2- Zeyd bin Erkam ’ndan (r.a.) rivâyet edildiğine göre Resûlullah şöyle dua ederdi:

“Allah’ım! Fayda vermeyen ilimden, huşu duymayan kalpten, doyma bilmeyen nefisten ve icâbet edilmeyen duadan sana sığınırım. “ (Müslim, Zikir, 73. Ayrıca bkz. Nesâî, İstiâze, 13, 65)

3- Ebû Hüreyre (r.a) der ki: Resûlullah şöyle buyurdu:

“İlim meclisinde oturup hikmetli şeyleri dinleyen, sonra da yanında bulunduğu âlimden, işittiği şeylerin kötü taraflarını nakleden kişinin hâli şuna benzer:

Bir kişi çobana gelir ve:

«–Ey çoban, bana süründen kesmem için bir koyun ver» der.

Çoban da:

«–Git, en iyisinin kulağından tut getir!» der.
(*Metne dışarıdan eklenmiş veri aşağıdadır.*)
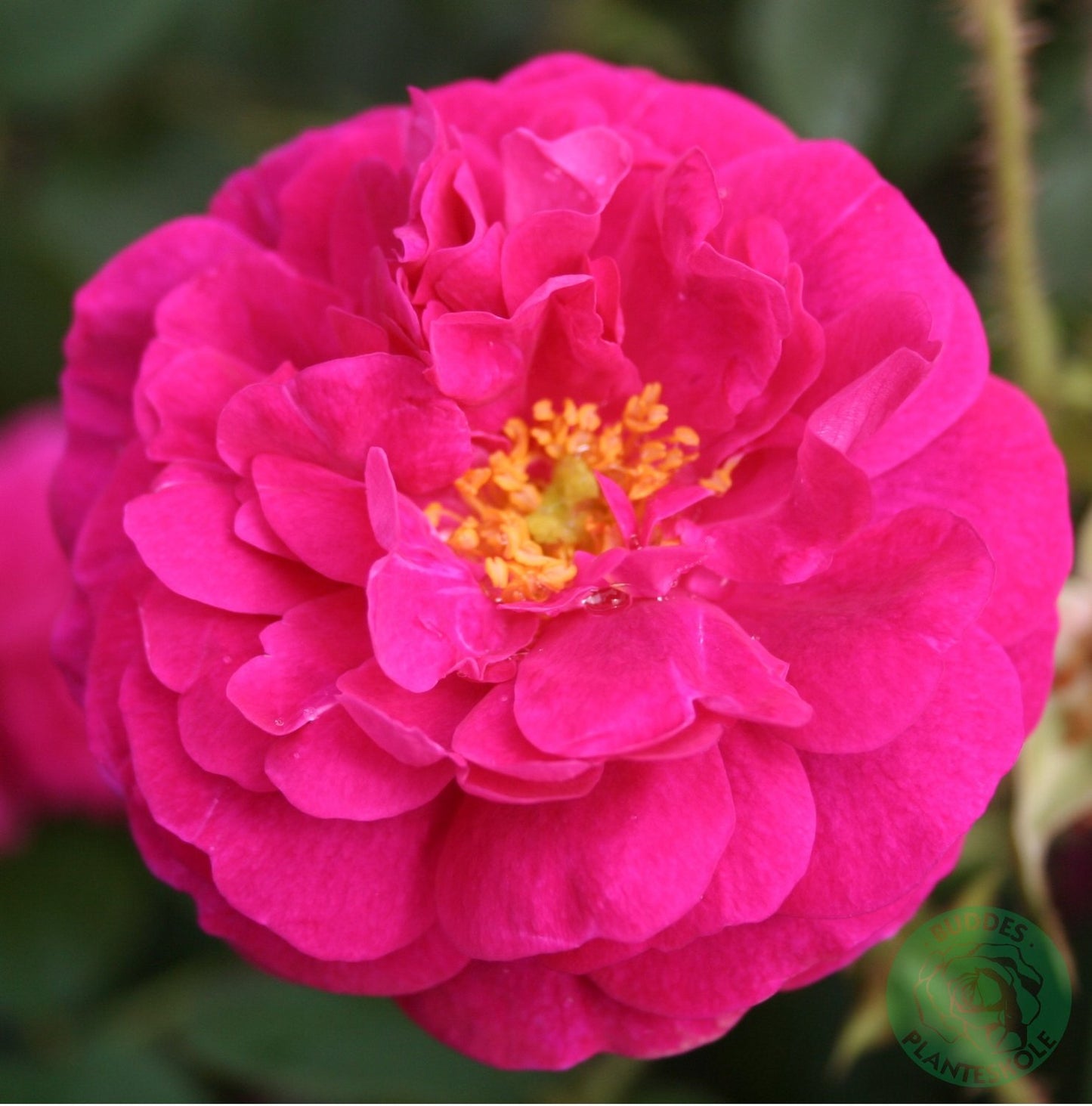 Rosa 'Henri Martin'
O kişi gider, koca sürünün içinden köpeğin kulağını tutar.” (İbn-i Mâce, Zühd, 15; Ahmed, II, 353, 405, 508; Beyhakî, Şuab, II, 268; Heysemî, I, 128)

HADİSLERİN AÇIKLAMASI

Bir Müslüman, öncelikle sahip olduğu ilimden faydalanma gayreti içinde bulunur ve onunla amel eder. Daha sonra da, güzel bir kulluk hayatı yaşayarak Allah’ın rızâsını kazanmaya yardımcı olacak faydalı ilimler elde etmeye çalışır. Aynı zamanda, böylesine güzel bir nimete nâil eylemesi ve ilmini artırması için Allah’a dua eder.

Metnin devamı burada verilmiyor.